OVP: Best Picture (2015)
The Nominees Were...
Brad Pitt, Dede Gardner, & Jeremy Kleiner, The Big Short
Steven Spielberg, Marc Platt, & Kristie Macosko Krieger, Bridge of Spies
Finola Dwyer & Amanda Posey, Brooklyn
Doug Mitchell & George Miller, Mad Max: Fury Road
Simon Kinberg, Ridley Scott, Michael Schaefer, & Mark Huffam, The Martian
Amon Milchan, Steve Golin, Alejandro Gonzalez Inarritu, Mary Parent, & Keith Redmon, The Revenant
Ed Guiney, Room
Michael Sugar, Steve Golin, Nicole Rocklin, & Blye Pagon Faust, Spotlight
Steven Spielberg, Marc Platt, & Kristie Macosko Krieger, Bridge of Spies
Finola Dwyer & Amanda Posey, Brooklyn
Doug Mitchell & George Miller, Mad Max: Fury Road
Simon Kinberg, Ridley Scott, Michael Schaefer, & Mark Huffam, The Martian
Amon Milchan, Steve Golin, Alejandro Gonzalez Inarritu, Mary Parent, & Keith Redmon, The Revenant
Ed Guiney, Room
Michael Sugar, Steve Golin, Nicole Rocklin, & Blye Pagon Faust, Spotlight
My Thoughts: We are finally finishing off our look at the 2015 movies. While of course there will inevitably be first time viewings of pictures from that year that will be discussed in the future, in terms of our Oscar Viewing Project, we are now complete with this post. On Monday, we'll be investigating a new year, one that based on the work I've already done it should be roughly a 10-week exploration of 2016, but for now I've made you wait long enough-it's time to discuss the eight pictures that the Oscars deemed the most worthy for its highest honor.

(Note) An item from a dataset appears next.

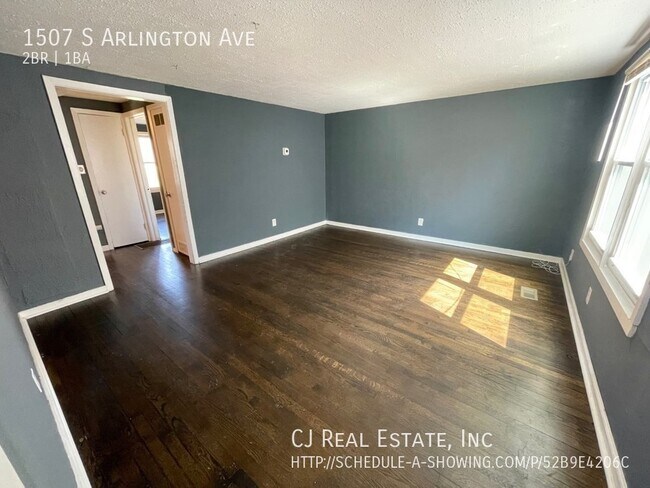 Building Photo - 1507 S Arlington Ave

We're going to start with the movie I feel like we've discussed the most in this series, Mad Max: Fury Road. Recent viewings have actually made me appreciate Fury Road a bit more, understanding just where the Mad Max universe started and how much it evolved through the years. The film itself is an action-adventure visual smorgasbord, one that doesn't seem to mind its rather routine script because it's so full of a glorious feast for the eyes. I am more a plot person than someone who can be swept up in the grandeur of what's happening on the screen, but I'm not immune, and by-far Fury Road is the movie with the most distinctive palette of these pictures, and likely the movie that will be best-remembered years from now when other people reassess this field.

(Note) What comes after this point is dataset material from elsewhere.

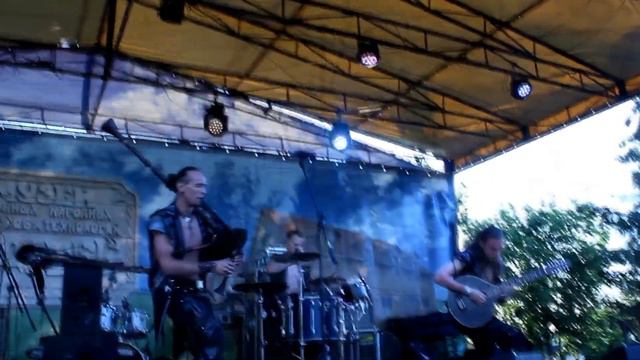 Open-air на Купалле "Свята Сонца" 2016 смотреть онлайн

The movie that might be the least remembered is the sturdy, but a bit dull, Bridge of Spies. Late films in Steven Spielberg's career have all been in the sturdy-but-dull mode, in my opinion, visually impressive (he can afford the best production team in Hollywood), but lacking in the same emotional investment that his original works earlier in his career (Jaws, Raiders, ET) were able to achieve. It's frequently as if he took the wrong message from Schindler and just thought the "historical" nature of the film was what made it great, not the emotional one. That's clear here, where only the Francis Gary Powers scene above the earth equals anything similar to what Spielberg could make in his heyday, and frequently it's just staid, traditional drama that's elevated by two Oscar-winning performers (Tom Hanks & Mark Rylance). Good, but hardly memorable.
Good, but hardly memorable is what you'd think I'd say about The Martian, but few films have reminded more that they were better than my old noggin retained than this Ridley Scott picture. The film is actually quite strong, with solid work by Matt Damon (movie star magic there, his best movie star turn in about twenty years), and a compelling script. The visuals are strong as well, as we wander through not only Mars, but our more earth-bound dwellings (notice how often it's raining on Earth to underscore the difference), and it's just the sort of fun, escapist fare that used to be a slam dunk over the summer rather than an endless array of dull sequels. I liked it-it's not a heavy thinking film & it's not a movie that's breaking any new ground, but it's increasingly hard to make popcorn movies dance like this, and Scott was able to achieve just that.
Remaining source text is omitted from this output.